The postman retreated all the way to the sidewalk under the protracted spray of her outrage. Retreated back through the shrubs, back through the parking lot across which he’d so recently, thoughtfully dashed. He got back into his truck and closed the door. I saw him shut it, lost sight of him behind the blackness of tinted window glass. I felt bad for him. Could imagine his emotions. His kindness rebuked. Perhaps ridiculed by some shallow charismatic soul in one of these on-looking cars, his effort deemed foolish and pitiful on the grand stage of a populous boulevard.
I hoped he wasn’t embarrassed. He didn’t deserve to feel it, but he might have. Who handles rejection? No man does. Not of his romantic advances, not of his kindly ones.
The whole of what I witnessed saddened me. When I first saw her, I’d wanted to assist too, to show her she was not alone, that someone would help her with her burdens. But clearly it was too late. Her journey was much longer than those eight lanes she had to cross. It had been much longer. It had been for a long time. In her weary, timeworn world, she’d known the truth about that for eons, long before my momentary empathy. Long before the postman’s. Long after. She knew it with every pang and every pain in her cold, bent bones. She knows it each morning as she picks herself up from the chill of a concrete bed. She knows. No one is going to help her with her burdens. No one. If there were, why would she be here? Why draped in rags and wearing one wind-inflated shoe? No, there is no one going to help her. No one ever was. That truth already had a long abiding proof. The postman was simply another threat. Not to her person, surely, not to take her stuff. But to her serenity. What use letting him into her solitude, even for an instant. Dismantling the barricade, even briefly, only lets in the cold. Oh, the wiser one she was today.

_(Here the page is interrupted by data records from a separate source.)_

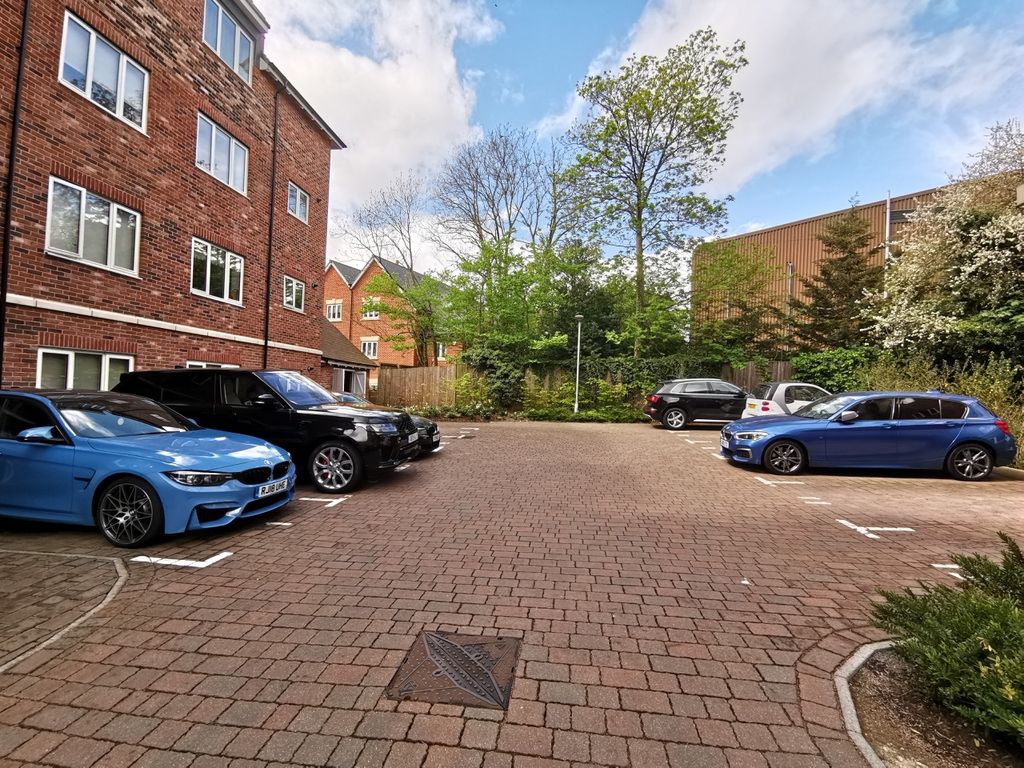 Property photo 2 of 9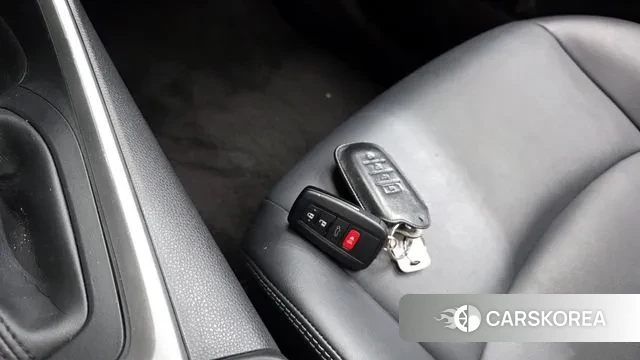 Toyota RAV4 5th Generation id 3354511 из Кореи 9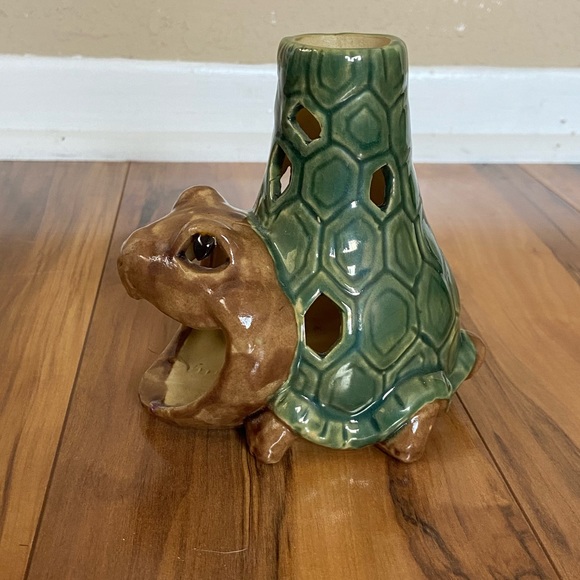 Elongated unique ceramic snapping Turtle tea candle holder decor include candles - Picture 3 of 8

In the end of all that, I came away feeling that I had failed. Not her, for I know now how it would have turned out if I’d tried to help. It just would have been me out there instead of the postman, run off like some stupid, well-meaning cur. So no, I did not fail her. My sense of helplessness was plainly ill assigned in that, and I am good with God or the universe on that score. But I did fail. I failed because I did not go and thank him. The man in the blue striped pants. The postman. I did not thank him. I could have. It would have been as simple as turning my truck into that parking lot once I’d gone through the light. He was still sitting there when I drove past, likely reflecting on what he’d just been through. I should have thanked him. I thought it. Told myself to. Told myself he deserved at least a nod for having taken the initiative, having endured that wrath that was not truly his to bear. But I did not.
So here I am. In the few minutes before I go to a soft bed with a soft wife and belly made soft by a full meal and a soul softened by an evening spent with family who love me and laugh at the silly things I say…, here I sit, tapping this story out. My confession. The confession of us all. Of a nation that lets its old ladies age so miserably. A nation that has passed its easiest opportunities to do good deeds.
But hey, at least the postman got out of his truck. The hope of a nation lies in that.